Photo taken in:Baia MareYear when photo was taken:1938Country name at time of photo:Romania 1920-1945Country name today:RomaniaName of the photographer / studio:Laszlo Gottlieb
This is a strange thing. I [Janos Gottlieb] am a so-called ‘guard’ - this was a patriotic children’s organisation, and everybody who attended the Romanian school, was a guard.
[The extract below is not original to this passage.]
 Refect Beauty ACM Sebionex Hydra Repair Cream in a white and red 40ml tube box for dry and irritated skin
Just like that. [
Ed. note: The ‘Strajeria’ or ‘Straja Tari’ (The Country’s Guard) organisation was established in 1937 by Carol II, the Romanian king.
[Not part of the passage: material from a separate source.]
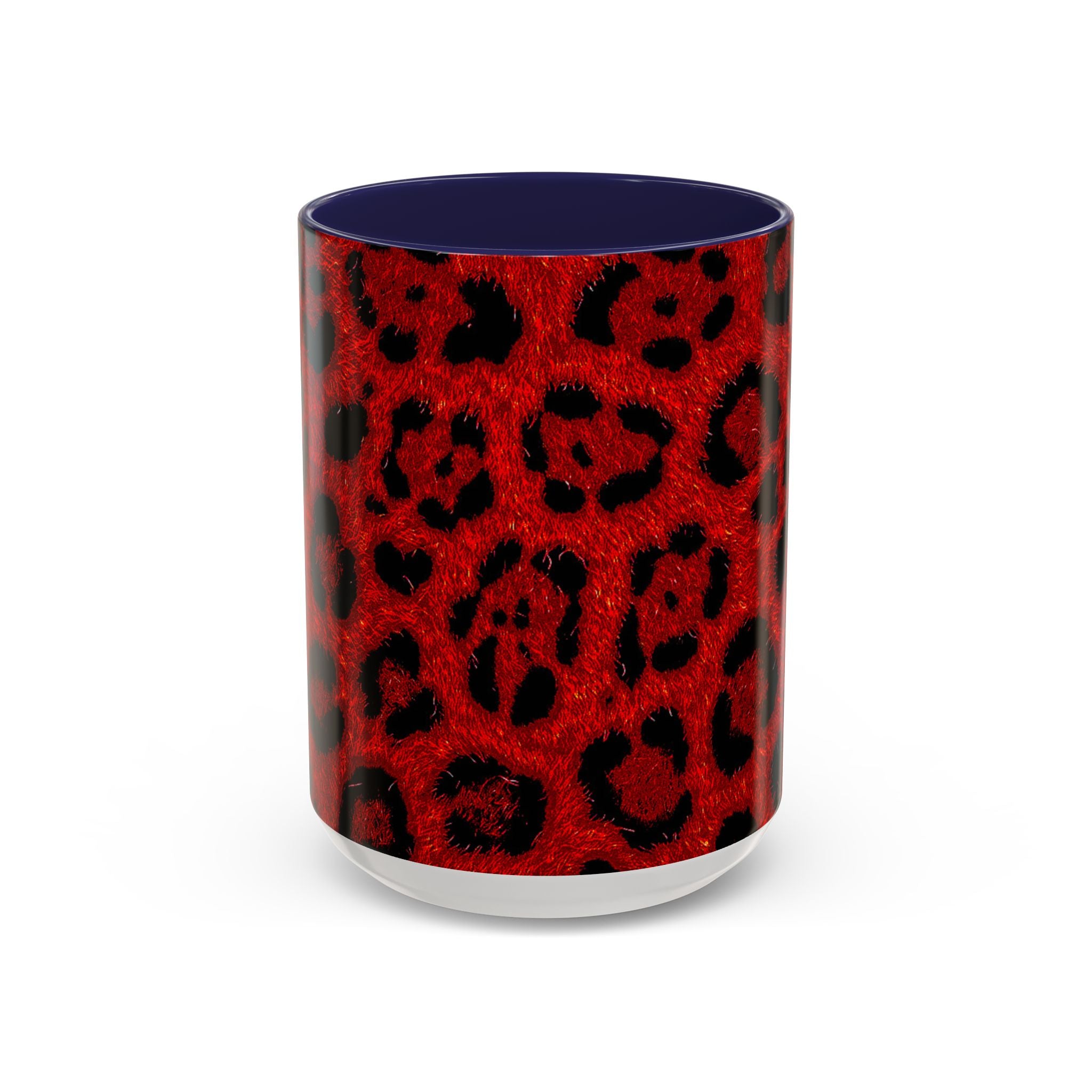 Red Leopard Print Accent Coffee Mug (11/15oz)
The members of the paramilitary youth organisation were boys and girls of 8 to 16 years old; the aim was to educate young people to be obedient and helpful, to respect the greatness of the idea of nation.
All the other youth organisations, for example the scout organisation were merged into the Strajeria.
In 1940 the legionaries wound up the organisation.] Sometimes we gathered for an after-noon, when they read things to us, delivered speaches, nothing special happened.
This was our uniform, and my father photographed me. It is written 2nd June 1938.
I was born in 1929 in Nagybanya. In fact I didn't get any particular Jewish education, I received a rather Hungarian education at home as well.
I didn't learn to speak Hebrew, I don't speak at all. Unfortunately. It's a good thing to know one more language, but that was it.
A visiting teacher taught me to read in Hebrew, but I never understood what I was reading.
He used to come to us when I was around eight years old until I became twelve, for three or four years, but only once in a week.
Everybody spoke Hungarian with me in the family. My mother tongue is Hungarian, I didn't speak any other language until the age of five.
Later my father, who obviously had a German education, hired a fraulein for me, according to the customs of those times, and that's how I learnt German.
I think I was five, this was after my mother died. And I got to learn Romanian only when I was six and a half, when my father simply enrolled me to a Romanian school saying: 'You have to learn Romanian, because we live in Romania.'
And he was right. In Nagybanya there wasn't any Jewish school, only a cheder.
There was a Hungarian school belonging to the Calvinist church, but he didn't send me there.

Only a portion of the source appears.